Alternative methods that could power your car

Alternative methods that could power your car

The automotive market has consolidated on the use of gasoline and diesel as main fuels, but in the last century and a half there have been several more or less successful experiments regarding the use of alternative fuels, and some of these could be a good solution to be adopted in the future, when we will inevitably have to drastically reduce the use of fossil fuels. In this regard, numerous alternative fuels have been devised, some widely used and well-known by most, which could have an impact on the automotive market of the future.

LPG - Liquefied petroleum gases

LPG is one of the hottest and most popular alternative fuels on the market, and could prove to be a viable alternative for the future. Since the 1990s, companies such as Opel and Volvo have been offering dual-fuel vehicles in their catalog, with LPG activating only after the engine has been sufficiently warmed up using petrol: LPG is a lean fuel and would take too long to bring the engine up to temperature.

In Europe and other parts of the world, LPG remains a very valid alternative for mobility, and is the most used fuel after petrol and diesel; emissions from the tailpipe are significantly lower than petrol, even if consumption is higher. The price of LPG must therefore be about half that of gasoline, to ensure that its use is economically sustainable. LPG has been particularly successful in large vehicles, such as SUVs, where it is used to reduce running costs.

Hydrogen

Hydrogen is mainly used on fuel cell vehicles, which means that the hydrogen present in the tank is mixed with oxygen to produce electricity which activates the electric motor of the car: essentially hydrogen is used as fuel for a generator which in turn powers the engine.
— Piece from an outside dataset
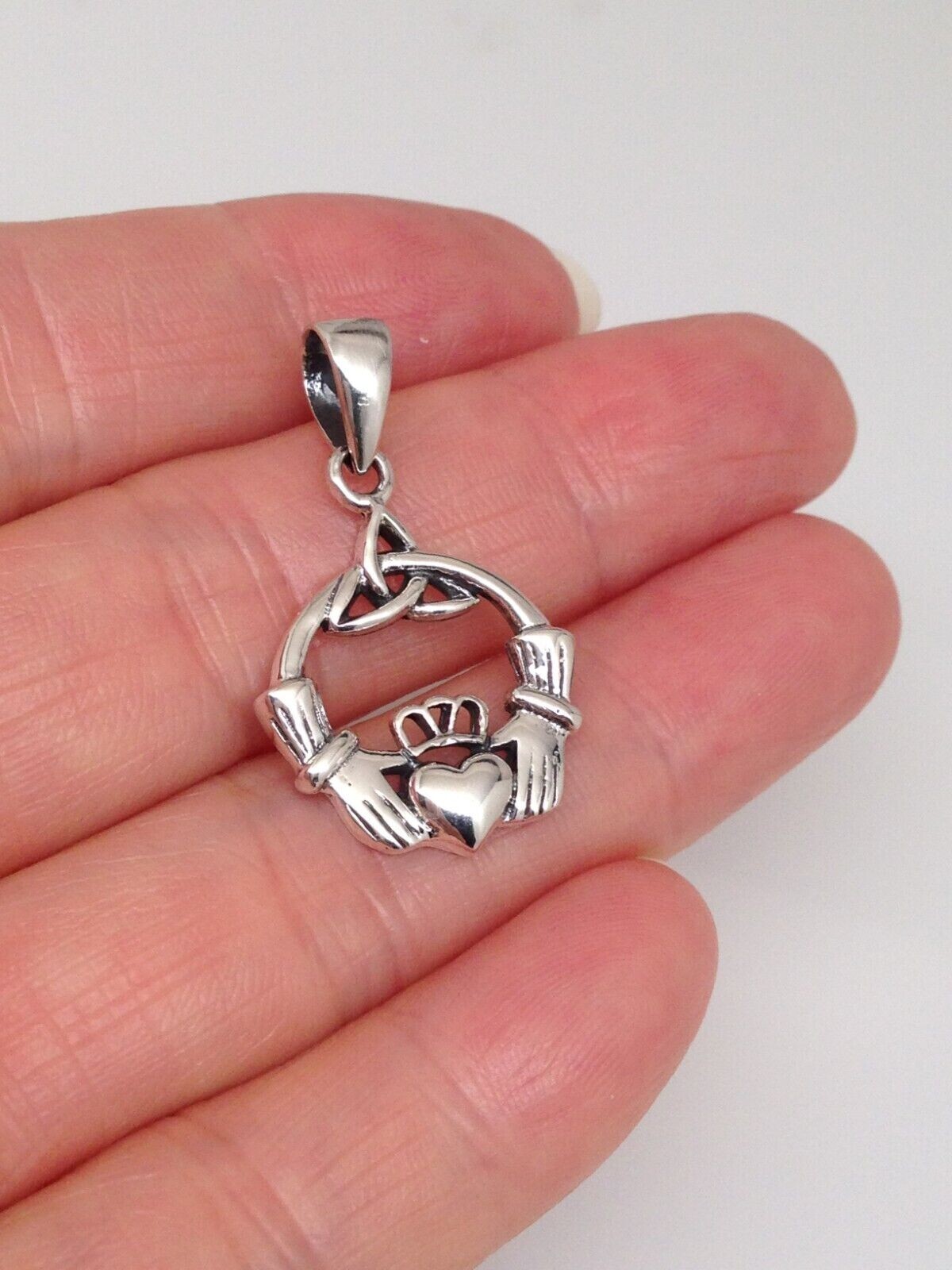 925 Sterling Silver Celtic Claddagh Pendant Men Women 19mm(0.75″)/28mm(1.1″)
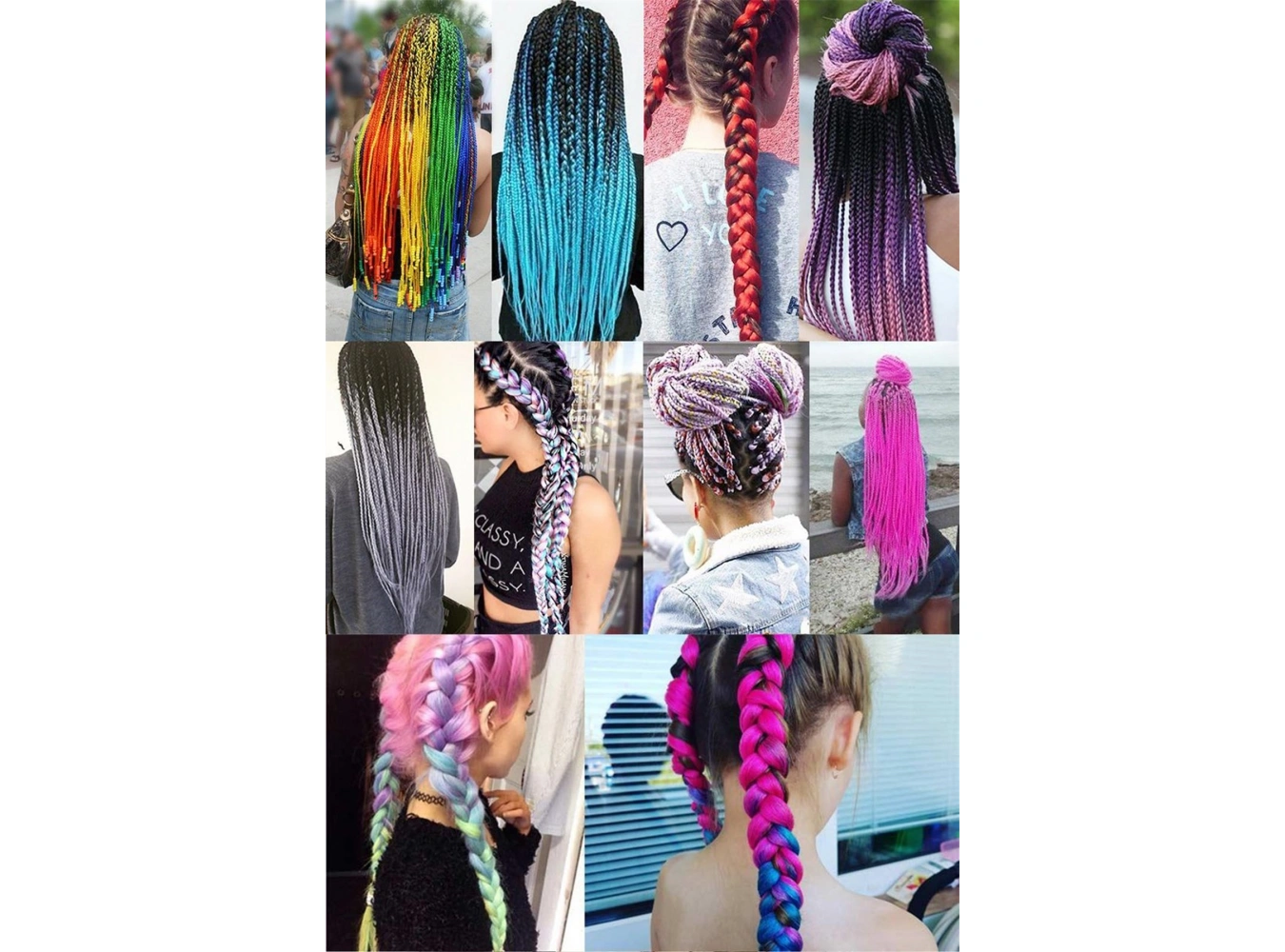 Sarı Pembe İki Renk Ombreli Afrika Zenci Örgüsü Box Braid Sentetik Saç 60cm 100gr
To date, hydrogen still struggles to find its space among the available fuels on the market, due to several factors: first of all the initial purchase cost of fuel cell vehicles, such as the Toyota Mirai or the Hyundai Nexo, but also the scarcity of hydrogen refueling points makes the use of these cars particularly difficult . However, it is also necessary to evaluate the positive aspects, such as the speed of refueling - comparable to that of a petrol vehicle - compared to the recharging of an electric car, the good mileage and the total absence of harmful gas emissions.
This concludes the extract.